### Exercise
Copy the lines running from the one that contains "Kediaman Servis untuk" to the end of the entries below, exactly and with no pictures.

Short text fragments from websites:
•••••

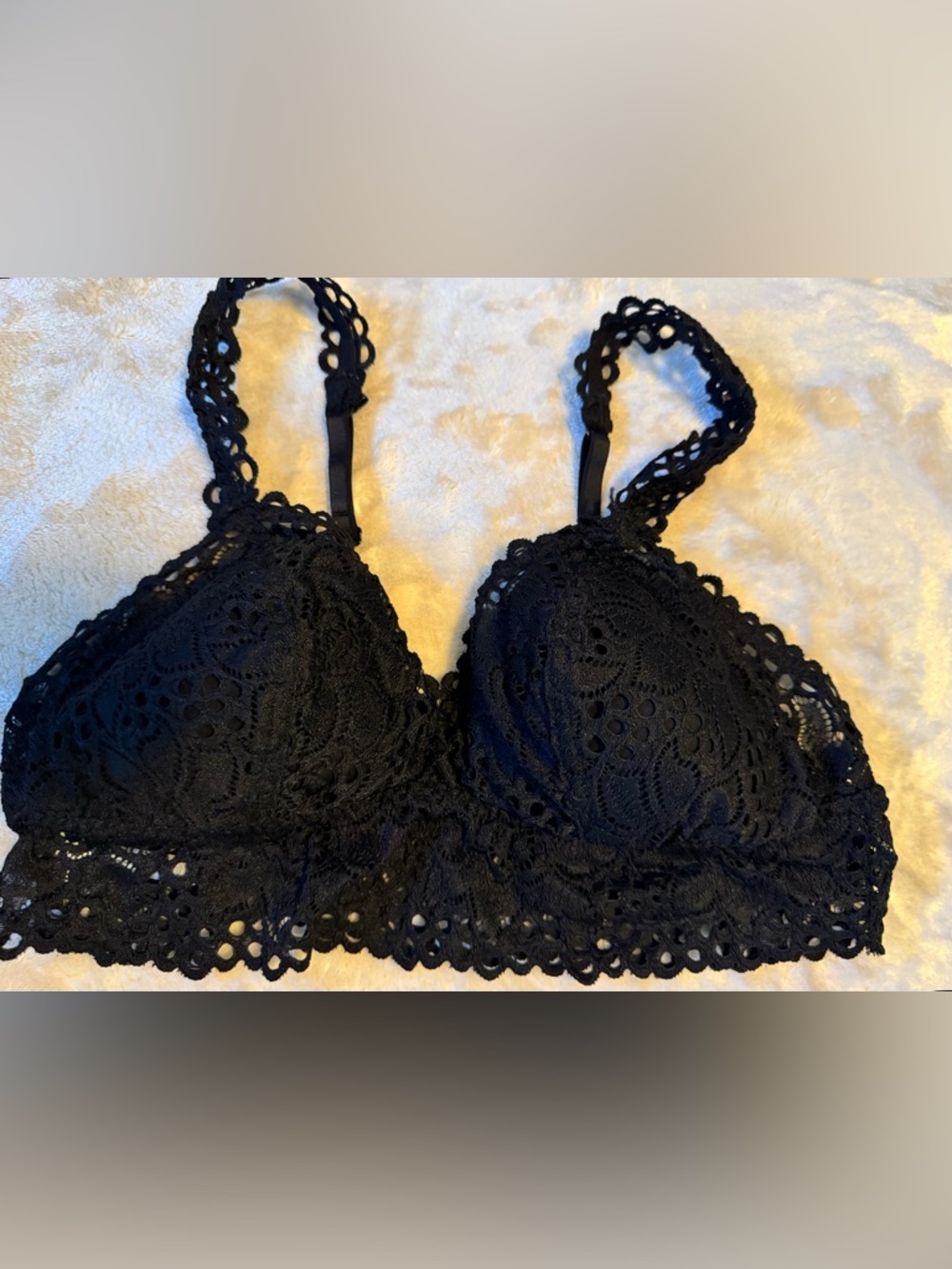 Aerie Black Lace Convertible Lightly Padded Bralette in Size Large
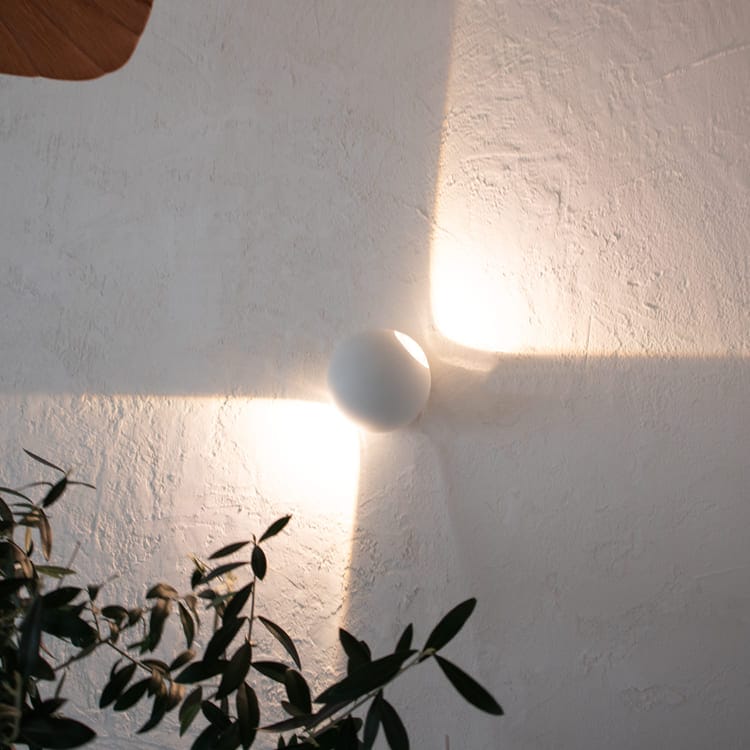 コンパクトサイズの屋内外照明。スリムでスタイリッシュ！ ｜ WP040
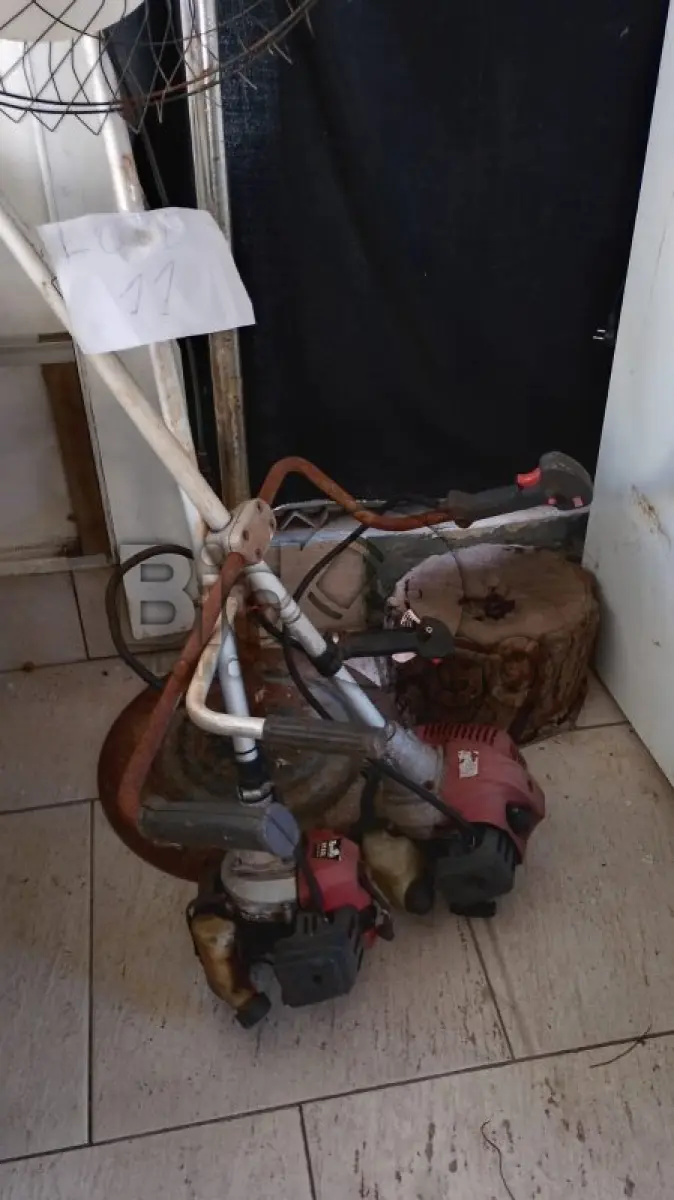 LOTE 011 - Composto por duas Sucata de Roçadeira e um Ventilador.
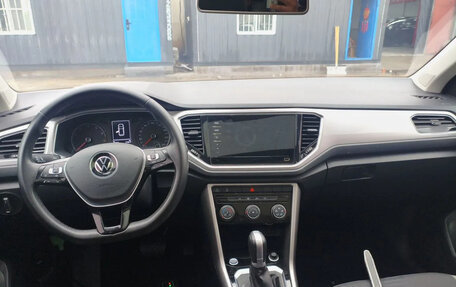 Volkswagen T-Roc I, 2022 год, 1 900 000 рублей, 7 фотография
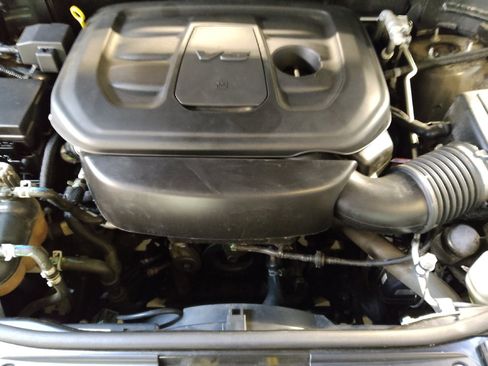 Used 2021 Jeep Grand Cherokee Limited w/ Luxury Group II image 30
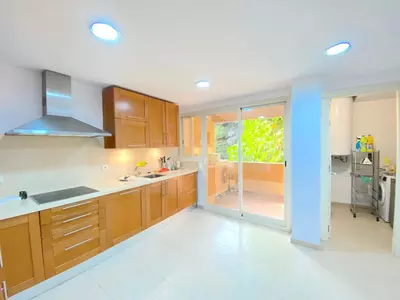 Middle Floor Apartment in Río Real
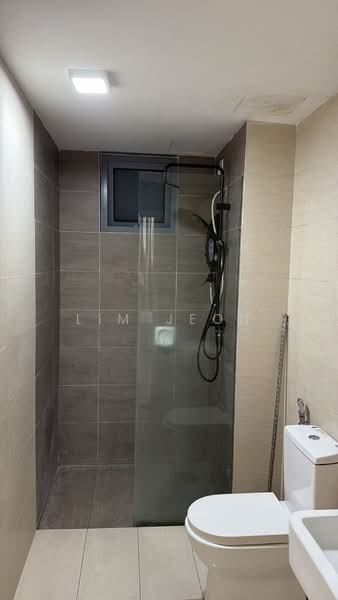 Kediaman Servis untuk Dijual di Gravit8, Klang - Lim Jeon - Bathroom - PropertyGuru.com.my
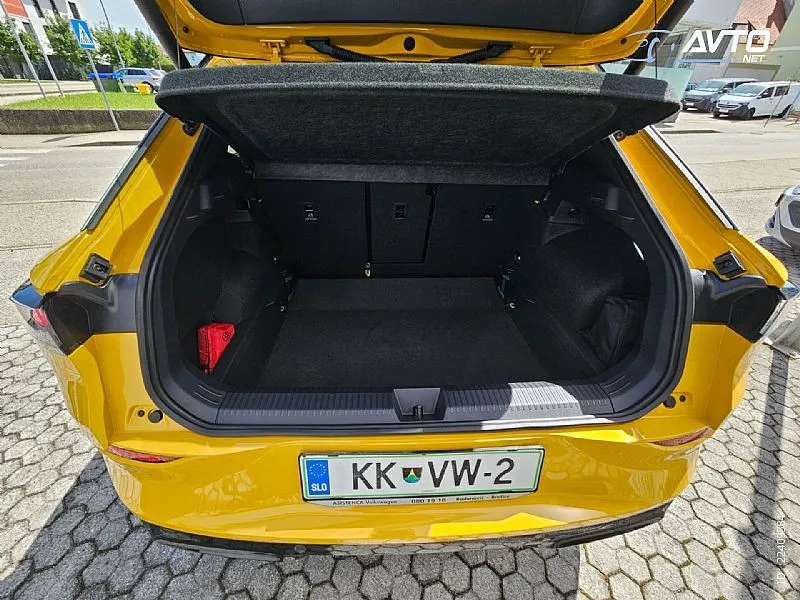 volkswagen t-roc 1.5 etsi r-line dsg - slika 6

•••••

### Result for this exercise
 Kediaman Servis untuk Dijual di Gravit8, Klang - Lim Jeon - Bathroom - PropertyGuru.com.my
 volkswagen t-roc 1.5 etsi r-line dsg - slika 6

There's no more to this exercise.